NSF Funds Enzyme Study for Possible Cures of Infectious Disease

An Auburn University professor has received a $424,000 National Science Foundation grant for research in the fight against infectious diseases such as malaria, tuberculosis, anthrax, and staph infections.

Evert Duin, an assistant professor of biochemistry in the College of Sciences and Mathematics, is focusing his research on the different steps that biological cells use in making a group of lipids, called isoprenoids. These are fatty substances that are essential for the survival of all organisms including humans.

"The human race is losing its battle against infective bacterial diseases and we are facing new threats from bioterrorism," Duin said. "With some pathogenic bacteria already resistant against four of the five common types of antibiotics, it is important to find new anti-infective drugs that use a completely new and novel way of killing the pathogen."

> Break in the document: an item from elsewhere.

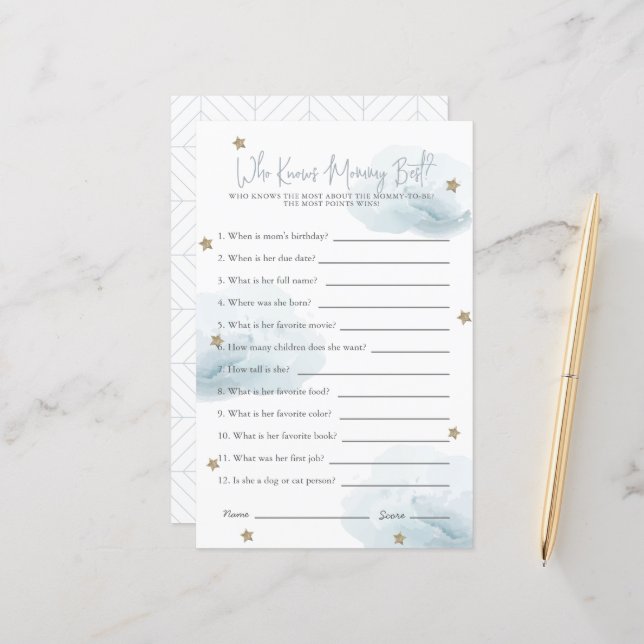 クラウド9誰が母ブルーベビーシャワーゲームを知っている (正面/裏面インサイチュ)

Such a possibility opened up recently with the discovery that although every organism makes these isoprenoids, a large group of pathogens uses different steps to make these compounds than humans do. Drugs that block the unique steps in these pathogens should in principle kill the pathogens and not have any side effects in humans.

The series of steps in these organisms form what is called the DOXP (1-deoxy-D-xylulose-5-phosphate) pathway. Every step in this pathway is performed by an enzyme.

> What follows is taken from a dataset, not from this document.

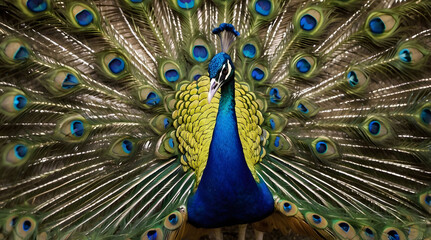 Fototapeta premium Peacock with its feathers spread out in a fan shape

"The basic idea is to understand how these enzymes convert one compound, the substrate, into another, the product," Duin said. "If we understand how the enzymes do this, we can design and make inhibitors that mimic the original substrate, but contain modifications that cause the enzyme to stall."

Duin said he hopes to make discoveries that work on all harmful organisms, but says finding just one pathway-and-drug combination to combat a specific disease, such as malaria or methicillin-resistant Staphylococcus aureus (MRSA) infections, would be a major advancement worldwide.

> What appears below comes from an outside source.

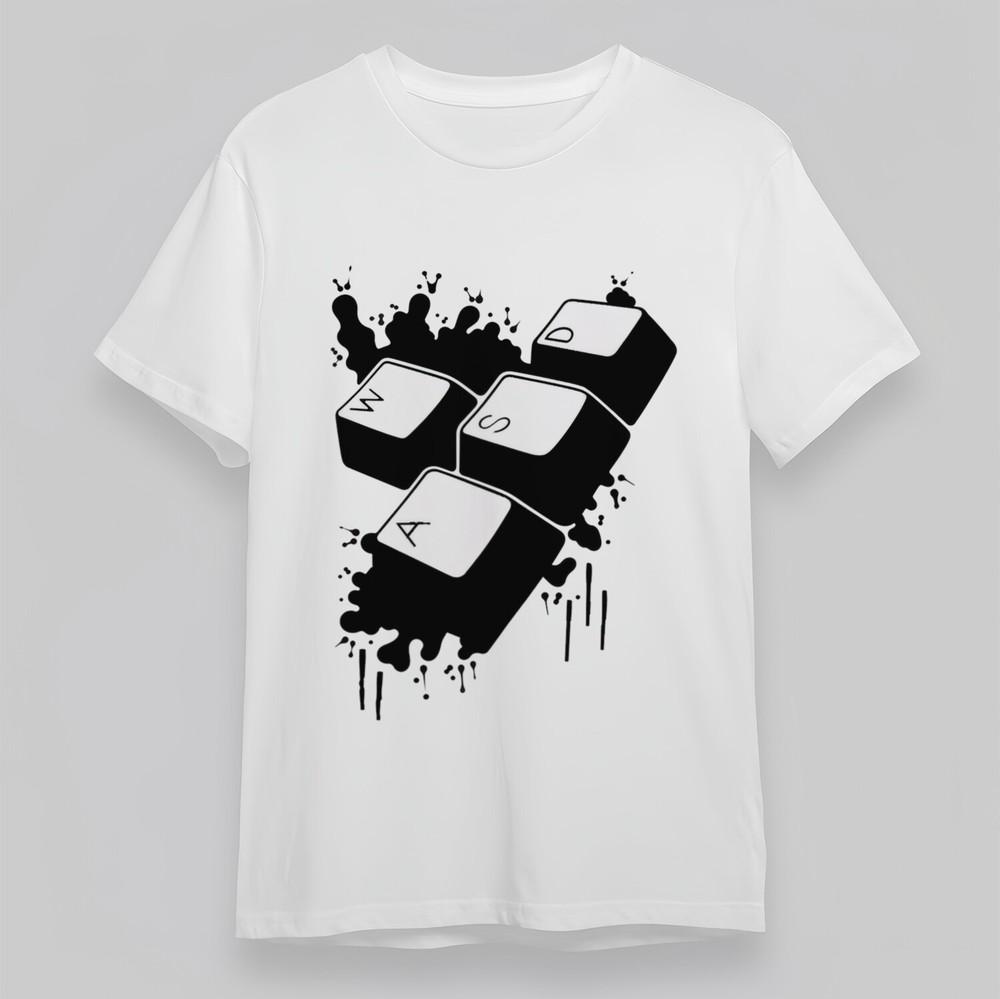 

Men s Plus Size T-shirt With WASD Gaming Keys Art Graphic White 100% Cotton Top L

Duin is coordinating his work at Auburn with research groups at the University of Illinois and the Medical Center of the Universities of Marburg and Giessen in Germany. If his research is successful, the German groups will conduct clinical studies.

"We think that a successful treatment of a patient now and in the future might ideally rely on a drug combination targeting two or more enzymes of a single pathway," he said. "A drug that blocks only one reaction step might become useless by a mutation in the pathogen."